When discussing his quartet of running backs earlier this month, the Razorbacks’ coach outlined one specific task they all needed to focus on _ and it had nothing to do with taking the ball and sprinting toward the end zone.
“I think they all understand that your amount of plays is determined on your ability to protect the passer,” Petrino said. “You can’t lose a quarterback because a running back doesn’t know the protection or gets beat on his technique.”
Broderick Green, Dennis Johnson, Ronnie Wingo Jr. and Knile Davis each joined the Razorbacks amid high expectations, but now these running backs are learning to play without the ball in their hands. Not only do they split time with one another, but they’re also well aware that the Arkansas offense revolves around quarterback Ryan Mallett and his strong arm.
The Razorbacks are ranked No. 17, their highest preseason standing since 1990. Mallett is the main reason for those high expectations after throwing for 3,624 yards last season, so it’s up to the running backs to find ways to contribute while the spotlight is elsewhere.
“I feel this year, the biggest thing that’s helping me is my confidence has grown,” said Wingo, a sophomore. “Knowing the offense, learning defenses, like, ‘What’s the check going to be here? What’s the check going be there?’”
Gone are the days when Darren McFadden would run over tacklers in a bid for the Heisman Trophy. Now Mallett is the Razorbacks’ Heisman candidate, and the running backs are in supporting roles. Wingo, a high school star from St. Louis, has had to learn some of the game’s less glamorous trades.
“That was probably one of the hardest adjustments for me coming from high school to college was pass protection and the importance of it,” Wingo said.
That’s not to say Arkansas won’t run the ball _ and with running back Michael Smith gone from last year’s team, there should be more carries for everyone else this season.
Green led the Razorbacks with 442 yards on 104 carries last season, including 11 touchdowns on the ground. The Southern California transfer scored on a 99-yard run against Eastern Michigan, but his 6-foot-2, 248-pound frame is more suited to short-yardage situations.
Which type of touchdown does he prefer? That’s an easy question.
“I’m going to go with the 99, of course,” Green said. “But I don’t mind breaking through a couple guys for a short-yard gain just to show some power, because at the end of the day, I get to get up and talk some crap. I get to, you know, let guys know that you’re going to have a hard time tackling me.”
Remarkably, Green might not be the hardest Razorback to bring down. At 5-foot-9, 213 pounds, Johnson is about as easy to tackle as a giant bowling ball covered in grease. Johnson ran for 107 yards last October when Arkansas nearly upset Florida.

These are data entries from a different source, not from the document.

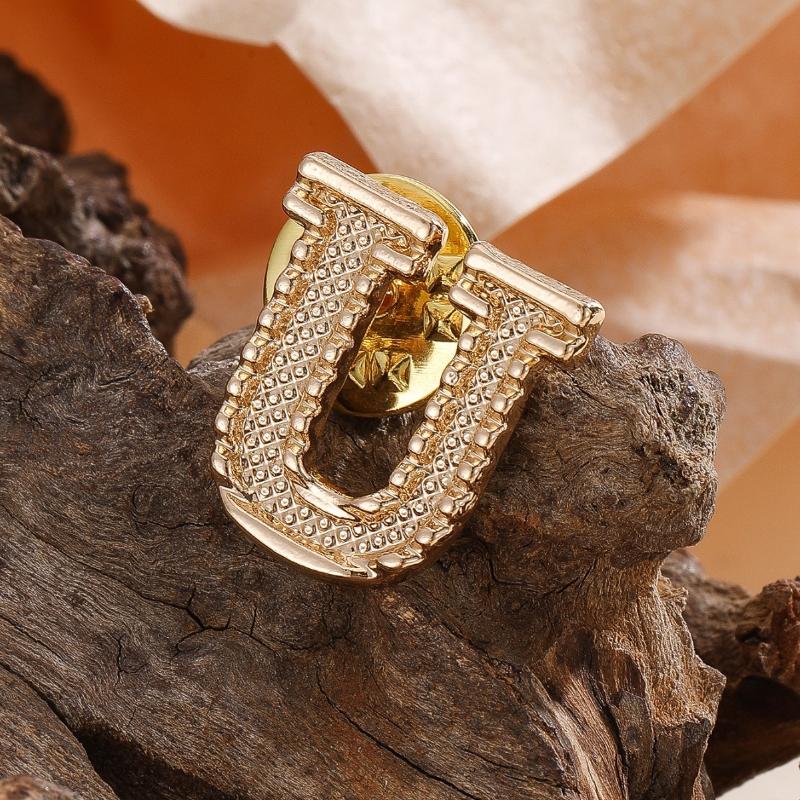 2Pcs New Metal Initial A To Z 26 Letters Pin Suit Shirt Collar Lapel Brooch Pin Badge Fashion Jewelry For Men Women Accessories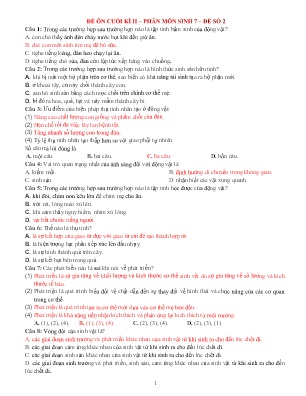Đề cương ôn tập cuối học kì II Sinh học 7 - Đề số 2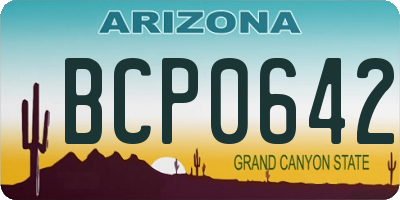 AZ license plate BCP0642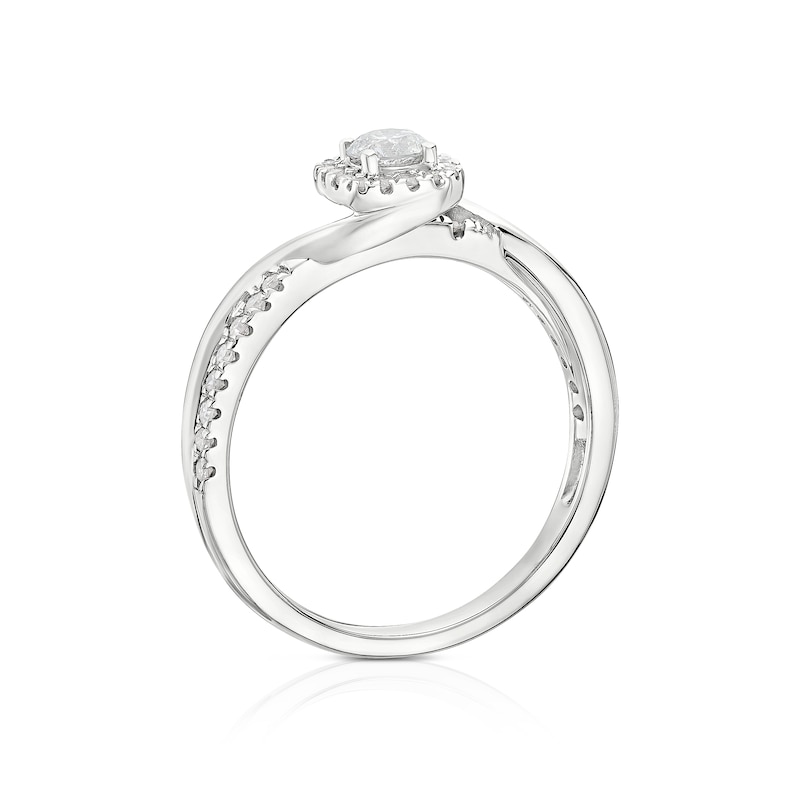 Main Image 3 of 9ct Yellow Gold 0.33ct Diamond Cushion Halo Ring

“He’s had some great games since he’s played here,” running backs coach Tim Horton said. “Dennis‘ charge in the past has been just consistency _ on the practice field.”

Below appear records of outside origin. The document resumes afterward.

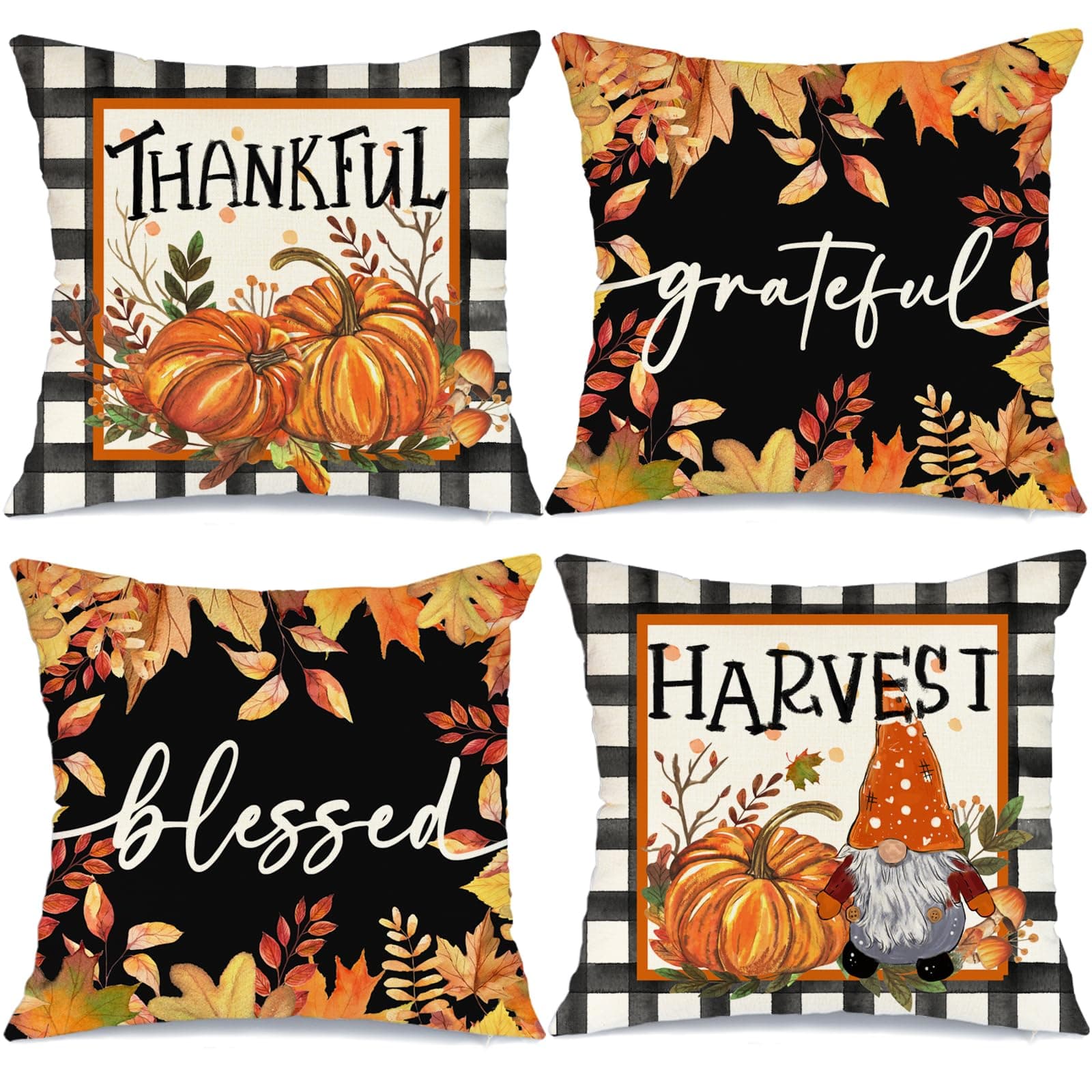 GEEORYGEEORY Fall Decorative Throw Pillow Covers 16 x 16 Inch Set of 4, Thankful Grateful Blessed Harvest Pumpkin Gnome Thanksgiving Fall Decor Outdoor Farmhouse Pillow Cases for Home Couch G345-16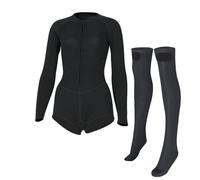 Traje de Neopreno Traje de baño una Pieza for Mujer con Calcetines Buceo protección Solar esnórquel Wader Trajes Playa subacuáticos 2 mm(Complete Set,S)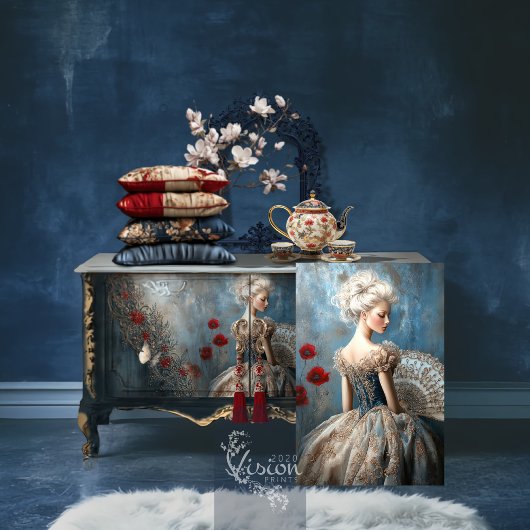 Barokbal, Elegant Rococo Portret & Klaprozen Tissuepapier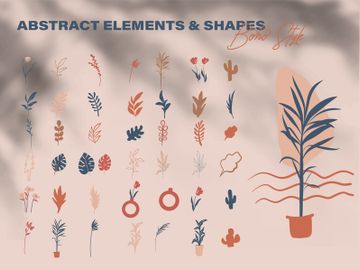 Minimalist abstract nature art shapes boho style. doodle natural concept. Modern hand drawn plant leaf and tropical shape decoration set. preview picture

Johnson also handles kickoff returns, with a touchdown each of the last two seasons in that role. He says he wasn’t all that eager to run back kicks when he first became a Razorback in 2008, but he looks comfortable with it now.
“I was just trying to focus on being a running back, but all that changed,” Johnson said.

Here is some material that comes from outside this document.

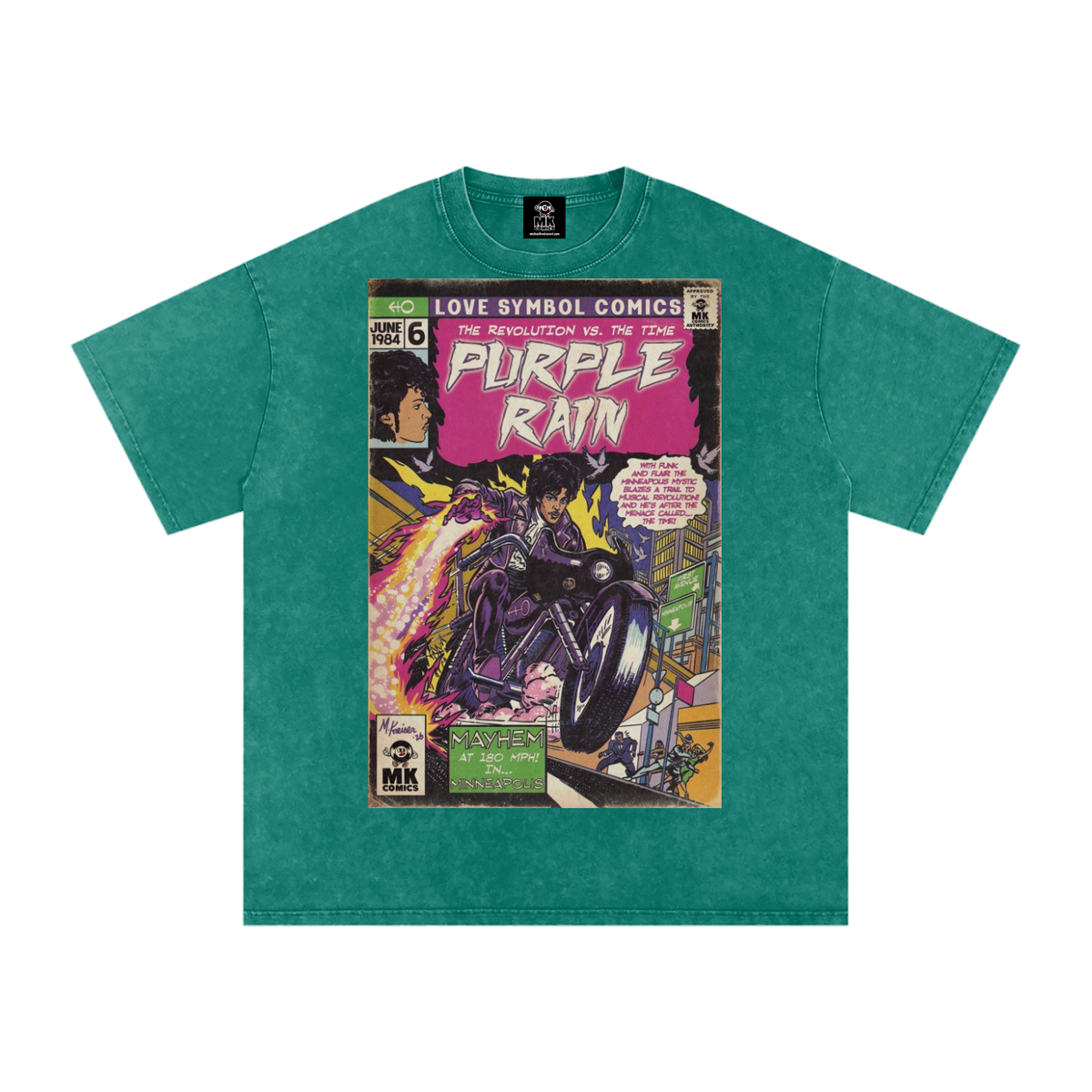 Purple Rain - Snow Washed Oversized Cotton T-Shirt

If any of the running backs has stood out this month, the coaches are doing a good job keeping quiet about it. There’s been no indication what the depth chart might look like during the season, but all four backs figure to be in the picture _ as long as they pay attention to their assignments and help keep defenses off balance.
“You need a good group of running backs,” Petrino said. “They’re the group that takes all the hits in practice, they’re the group that takes all the hits during the season. They’ve kind of went back and forth. There is really no named starter right now. I think they’ve taken their turn at shining.”